# WHAT TO WORK ON
Please return every line from the entries that has the string "lines" in it.

# DATA
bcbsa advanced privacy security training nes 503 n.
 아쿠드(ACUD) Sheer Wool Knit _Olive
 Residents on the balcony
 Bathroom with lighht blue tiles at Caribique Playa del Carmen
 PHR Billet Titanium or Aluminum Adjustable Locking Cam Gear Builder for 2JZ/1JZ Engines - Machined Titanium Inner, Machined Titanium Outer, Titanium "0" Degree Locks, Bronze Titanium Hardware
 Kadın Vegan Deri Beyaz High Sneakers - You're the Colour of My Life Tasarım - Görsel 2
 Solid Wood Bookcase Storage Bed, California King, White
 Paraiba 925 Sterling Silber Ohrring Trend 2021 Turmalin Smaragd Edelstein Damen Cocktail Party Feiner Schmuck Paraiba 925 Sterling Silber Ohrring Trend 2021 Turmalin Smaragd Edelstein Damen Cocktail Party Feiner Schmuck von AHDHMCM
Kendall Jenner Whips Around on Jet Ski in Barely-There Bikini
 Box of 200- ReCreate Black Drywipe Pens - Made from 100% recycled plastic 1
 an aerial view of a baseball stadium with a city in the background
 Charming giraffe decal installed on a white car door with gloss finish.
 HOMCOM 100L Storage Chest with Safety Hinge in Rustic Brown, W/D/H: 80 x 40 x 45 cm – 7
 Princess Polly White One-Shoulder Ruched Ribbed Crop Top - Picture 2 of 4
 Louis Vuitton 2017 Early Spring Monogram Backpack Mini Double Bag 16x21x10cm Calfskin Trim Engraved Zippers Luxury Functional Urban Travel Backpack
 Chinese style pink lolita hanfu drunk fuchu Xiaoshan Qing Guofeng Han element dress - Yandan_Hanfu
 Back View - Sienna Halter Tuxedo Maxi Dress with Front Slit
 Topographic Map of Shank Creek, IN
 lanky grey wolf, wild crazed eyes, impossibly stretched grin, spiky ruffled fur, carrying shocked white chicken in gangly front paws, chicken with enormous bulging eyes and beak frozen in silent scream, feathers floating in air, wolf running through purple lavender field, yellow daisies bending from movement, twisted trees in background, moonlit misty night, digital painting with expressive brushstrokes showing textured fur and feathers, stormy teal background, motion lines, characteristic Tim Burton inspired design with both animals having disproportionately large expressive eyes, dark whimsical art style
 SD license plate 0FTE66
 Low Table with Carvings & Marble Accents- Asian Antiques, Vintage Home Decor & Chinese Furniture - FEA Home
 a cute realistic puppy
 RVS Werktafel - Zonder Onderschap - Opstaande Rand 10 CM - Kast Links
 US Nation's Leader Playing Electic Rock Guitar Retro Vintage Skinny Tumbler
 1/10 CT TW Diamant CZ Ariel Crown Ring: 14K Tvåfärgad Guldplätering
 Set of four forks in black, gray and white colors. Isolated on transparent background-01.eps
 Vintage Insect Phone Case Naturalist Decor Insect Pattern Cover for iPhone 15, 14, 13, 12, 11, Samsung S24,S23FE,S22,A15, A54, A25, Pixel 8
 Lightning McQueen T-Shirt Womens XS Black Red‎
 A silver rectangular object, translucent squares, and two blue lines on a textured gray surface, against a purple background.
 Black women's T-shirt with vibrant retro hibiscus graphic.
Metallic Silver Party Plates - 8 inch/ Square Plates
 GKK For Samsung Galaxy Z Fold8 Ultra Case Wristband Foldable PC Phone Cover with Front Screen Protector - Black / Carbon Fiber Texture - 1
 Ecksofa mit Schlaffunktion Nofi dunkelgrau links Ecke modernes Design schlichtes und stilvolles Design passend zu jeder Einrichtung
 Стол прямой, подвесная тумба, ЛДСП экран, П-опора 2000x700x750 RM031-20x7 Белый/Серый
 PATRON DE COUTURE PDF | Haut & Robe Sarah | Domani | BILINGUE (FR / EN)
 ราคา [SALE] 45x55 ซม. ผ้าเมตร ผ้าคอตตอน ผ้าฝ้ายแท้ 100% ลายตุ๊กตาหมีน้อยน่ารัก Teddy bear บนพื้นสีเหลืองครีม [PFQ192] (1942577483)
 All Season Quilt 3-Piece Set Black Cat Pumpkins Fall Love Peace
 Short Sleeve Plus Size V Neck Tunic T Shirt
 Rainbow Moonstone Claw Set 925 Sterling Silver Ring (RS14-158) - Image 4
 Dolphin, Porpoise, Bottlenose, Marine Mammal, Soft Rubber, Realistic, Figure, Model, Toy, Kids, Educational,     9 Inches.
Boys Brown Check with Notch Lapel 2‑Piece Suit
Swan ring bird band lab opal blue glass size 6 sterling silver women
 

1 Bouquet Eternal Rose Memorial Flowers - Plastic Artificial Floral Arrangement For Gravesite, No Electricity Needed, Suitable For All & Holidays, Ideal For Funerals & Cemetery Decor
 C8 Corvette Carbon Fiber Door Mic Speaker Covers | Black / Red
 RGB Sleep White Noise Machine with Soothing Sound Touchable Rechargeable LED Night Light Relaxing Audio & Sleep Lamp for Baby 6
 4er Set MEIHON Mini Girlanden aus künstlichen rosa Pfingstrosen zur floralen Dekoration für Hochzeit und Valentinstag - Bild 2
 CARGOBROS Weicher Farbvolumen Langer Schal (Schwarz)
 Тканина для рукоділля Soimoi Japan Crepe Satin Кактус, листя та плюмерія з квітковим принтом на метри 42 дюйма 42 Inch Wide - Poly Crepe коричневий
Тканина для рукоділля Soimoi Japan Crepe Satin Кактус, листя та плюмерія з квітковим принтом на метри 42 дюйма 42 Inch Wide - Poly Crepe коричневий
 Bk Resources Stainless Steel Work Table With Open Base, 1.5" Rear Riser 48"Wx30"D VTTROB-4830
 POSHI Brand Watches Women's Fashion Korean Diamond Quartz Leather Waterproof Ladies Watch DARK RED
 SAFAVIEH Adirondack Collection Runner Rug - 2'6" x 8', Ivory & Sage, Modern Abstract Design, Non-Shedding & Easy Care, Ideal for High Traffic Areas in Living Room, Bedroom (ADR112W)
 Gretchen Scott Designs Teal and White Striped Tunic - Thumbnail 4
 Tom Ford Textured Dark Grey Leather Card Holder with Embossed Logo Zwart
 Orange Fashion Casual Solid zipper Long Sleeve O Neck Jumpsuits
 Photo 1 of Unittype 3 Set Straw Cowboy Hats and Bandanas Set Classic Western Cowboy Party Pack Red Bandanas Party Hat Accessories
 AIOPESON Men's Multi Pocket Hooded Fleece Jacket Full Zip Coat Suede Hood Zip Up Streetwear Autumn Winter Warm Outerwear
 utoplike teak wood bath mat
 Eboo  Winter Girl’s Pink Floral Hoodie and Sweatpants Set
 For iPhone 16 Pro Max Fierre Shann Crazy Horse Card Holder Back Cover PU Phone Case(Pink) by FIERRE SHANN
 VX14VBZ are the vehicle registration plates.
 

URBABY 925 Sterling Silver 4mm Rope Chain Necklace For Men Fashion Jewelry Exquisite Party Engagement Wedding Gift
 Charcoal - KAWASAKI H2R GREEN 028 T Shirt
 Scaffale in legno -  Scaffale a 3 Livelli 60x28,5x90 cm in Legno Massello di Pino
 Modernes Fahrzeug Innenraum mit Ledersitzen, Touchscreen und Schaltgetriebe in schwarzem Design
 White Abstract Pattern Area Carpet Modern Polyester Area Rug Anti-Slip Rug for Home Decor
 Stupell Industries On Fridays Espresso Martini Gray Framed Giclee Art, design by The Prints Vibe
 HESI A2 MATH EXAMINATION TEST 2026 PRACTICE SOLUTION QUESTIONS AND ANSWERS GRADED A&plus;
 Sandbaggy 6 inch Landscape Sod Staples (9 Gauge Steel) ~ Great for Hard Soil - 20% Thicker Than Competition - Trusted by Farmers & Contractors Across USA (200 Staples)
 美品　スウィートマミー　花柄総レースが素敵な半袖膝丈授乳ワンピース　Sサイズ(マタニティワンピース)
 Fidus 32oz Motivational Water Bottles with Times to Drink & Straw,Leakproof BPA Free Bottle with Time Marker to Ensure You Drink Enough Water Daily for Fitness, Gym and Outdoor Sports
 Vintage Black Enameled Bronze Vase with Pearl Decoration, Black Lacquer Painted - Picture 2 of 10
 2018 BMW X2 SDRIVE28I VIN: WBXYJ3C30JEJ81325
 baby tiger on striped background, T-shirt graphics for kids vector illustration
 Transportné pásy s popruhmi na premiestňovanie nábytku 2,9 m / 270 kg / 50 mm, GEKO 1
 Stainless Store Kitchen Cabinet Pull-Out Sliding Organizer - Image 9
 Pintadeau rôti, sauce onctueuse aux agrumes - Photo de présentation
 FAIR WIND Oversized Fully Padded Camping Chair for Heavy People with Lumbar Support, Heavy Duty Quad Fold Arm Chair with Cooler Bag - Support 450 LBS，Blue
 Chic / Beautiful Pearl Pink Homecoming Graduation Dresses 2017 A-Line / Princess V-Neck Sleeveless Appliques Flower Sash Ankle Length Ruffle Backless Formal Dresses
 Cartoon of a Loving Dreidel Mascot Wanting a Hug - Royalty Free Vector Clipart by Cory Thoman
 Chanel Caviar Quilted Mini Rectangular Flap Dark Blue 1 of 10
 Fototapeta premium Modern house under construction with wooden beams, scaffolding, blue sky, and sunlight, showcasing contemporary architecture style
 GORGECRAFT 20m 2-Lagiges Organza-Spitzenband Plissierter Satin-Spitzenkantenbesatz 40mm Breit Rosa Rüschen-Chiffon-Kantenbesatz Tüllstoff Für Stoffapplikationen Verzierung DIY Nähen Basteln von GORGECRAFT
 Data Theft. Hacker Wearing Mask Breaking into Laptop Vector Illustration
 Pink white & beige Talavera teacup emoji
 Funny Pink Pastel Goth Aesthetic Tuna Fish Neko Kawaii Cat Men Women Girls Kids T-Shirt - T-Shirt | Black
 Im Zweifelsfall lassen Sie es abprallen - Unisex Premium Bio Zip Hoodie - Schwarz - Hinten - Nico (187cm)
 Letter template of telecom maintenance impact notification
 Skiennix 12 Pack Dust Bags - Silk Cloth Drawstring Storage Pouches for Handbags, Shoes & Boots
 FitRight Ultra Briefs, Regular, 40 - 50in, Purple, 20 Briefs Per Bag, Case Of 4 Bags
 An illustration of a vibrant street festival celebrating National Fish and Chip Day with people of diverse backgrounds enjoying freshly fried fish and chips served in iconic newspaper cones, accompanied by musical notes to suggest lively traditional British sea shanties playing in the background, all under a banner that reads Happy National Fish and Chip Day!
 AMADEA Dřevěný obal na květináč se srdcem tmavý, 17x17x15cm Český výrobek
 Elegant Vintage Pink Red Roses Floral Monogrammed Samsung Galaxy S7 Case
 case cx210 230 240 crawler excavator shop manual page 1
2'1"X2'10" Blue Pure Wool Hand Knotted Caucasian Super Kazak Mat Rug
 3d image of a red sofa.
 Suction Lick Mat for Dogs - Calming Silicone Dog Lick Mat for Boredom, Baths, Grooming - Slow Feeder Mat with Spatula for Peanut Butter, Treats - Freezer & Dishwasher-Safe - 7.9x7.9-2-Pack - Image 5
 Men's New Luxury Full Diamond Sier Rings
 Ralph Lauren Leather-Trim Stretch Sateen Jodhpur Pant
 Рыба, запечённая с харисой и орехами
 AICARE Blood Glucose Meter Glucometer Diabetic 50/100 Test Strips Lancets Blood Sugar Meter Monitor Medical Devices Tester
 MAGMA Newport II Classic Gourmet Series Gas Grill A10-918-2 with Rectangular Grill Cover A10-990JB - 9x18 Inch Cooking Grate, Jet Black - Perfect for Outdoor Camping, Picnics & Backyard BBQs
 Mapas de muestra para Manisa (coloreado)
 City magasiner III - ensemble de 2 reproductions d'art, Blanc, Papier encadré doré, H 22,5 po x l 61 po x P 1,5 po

# RESPONSE BOX
 lanky grey wolf, wild crazed eyes, impossibly stretched grin, spiky ruffled fur, carrying shocked white chicken in gangly front paws, chicken with enormous bulging eyes and beak frozen in silent scream, feathers floating in air, wolf running through purple lavender field, yellow daisies bending from movement, twisted trees in background, moonlit misty night, digital painting with expressive brushstrokes showing textured fur and feathers, stormy teal background, motion lines, characteristic Tim Burton inspired design with both animals having disproportionately large expressive eyes, dark whimsical art style
 A silver rectangular object, translucent squares, and two blue lines on a textured gray surface, against a purple background.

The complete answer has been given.